It is widely reported that just about a quarter of Windows 10 users actually use Microsoft’s new browser; Edge and this comes as other browsers have stepped up campaign to increase the use of their browsers on Windows. Yielding to users who complain about adverts, Opera announced an ad-blocking feature in order to make web pages load faster. At least that’s the reason they gave for doing that.
To increase usage for its new browser, Microsoft released a set of results of tests it carried out which actually shows that Edge is better than other browsers including Chrome and Firefox. This test was carried out by the Microsoft team and in their own controlled environment.
Let’s get to the test results;
You can now browse longer with Microsoft Bing than any of the other major browser. This means Edge is more power efficient than Chrome, Firefox and Opera. They achieved this by connecting a Surface Book to specialized power monitoring equipment and measured the actual power usage during typical browsing activities in Microsoft Edge, Chrome, Firefox, and Opera.
The next step was to automate each browser to perform the same series of activities: opening websites, scrolling through articles, and watching videos, opening new tabs for each task. We used the same websites you spend your time on – Facebook, Google, YouTube, Amazon, Wikipedia and more.
The result is what you see in the graph below;
Edge performed better than Firefox and Chrome up to 70 percent with respect to battery life each time you stream videos and with when you access sites like Facebook, you might be saving between 30 to 35 percent of power. This announcement comes as Microsoft is about a month away from celebrating the one year anniversary of the Windows 10 release.

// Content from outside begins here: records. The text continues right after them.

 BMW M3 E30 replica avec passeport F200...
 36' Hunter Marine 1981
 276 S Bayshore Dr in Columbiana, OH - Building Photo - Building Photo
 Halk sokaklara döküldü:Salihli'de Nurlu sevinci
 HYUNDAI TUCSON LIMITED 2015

It’s one thing though to save battery life which also undoubtedly has impact on your overall productivity but speed is just as important. My personal experience using Edge is that it doesn’t load pages as fast as Chrome and Firefox. There are even reports of some sites not loading correctly on Edge. There’s also the issue of memory consumption as well. I also noticed that it’s quite slower to copy and paste content from Edge to say word when compared to Chrome and Firefox.

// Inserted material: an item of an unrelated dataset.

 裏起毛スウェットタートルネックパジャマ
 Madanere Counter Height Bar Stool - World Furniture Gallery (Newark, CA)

Opera introduced its advert blocking feature for the sake of speed; a measure that has been met with stiff resistance from big names like the New York Times which is rolling out its own feature to not probably load its content on such browsers. The New York Times is not alone in that as many other sites have pledged to do the same.
In its own test result which can be seen above, web pages will load 90 percent faster than Internet Explorer and 45 percent faster than Chrome.